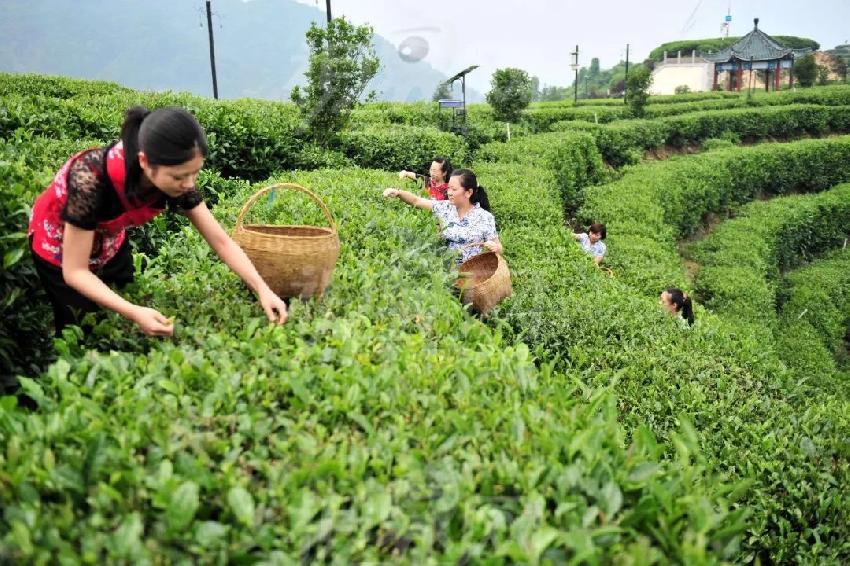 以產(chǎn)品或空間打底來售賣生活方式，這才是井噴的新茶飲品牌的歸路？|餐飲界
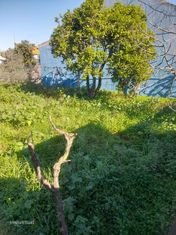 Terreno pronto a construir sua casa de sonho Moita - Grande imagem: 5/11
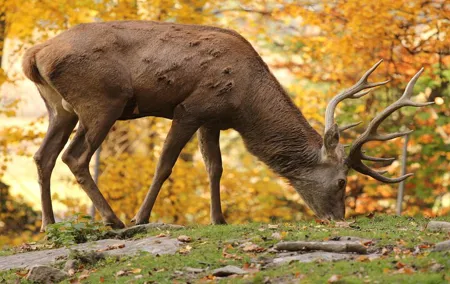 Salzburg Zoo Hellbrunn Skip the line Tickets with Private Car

» **Requirement**
Are you able to set down all the lines above exactly, without any pictures?

» **Task result**
 以產(chǎn)品或空間打底來售賣生活方式，這才是井噴的新茶飲品牌的歸路？|餐飲界
 Terreno pronto a construir sua casa de sonho Moita - Grande imagem: 5/11
 Salzburg Zoo Hellbrunn Skip the line Tickets with Private Car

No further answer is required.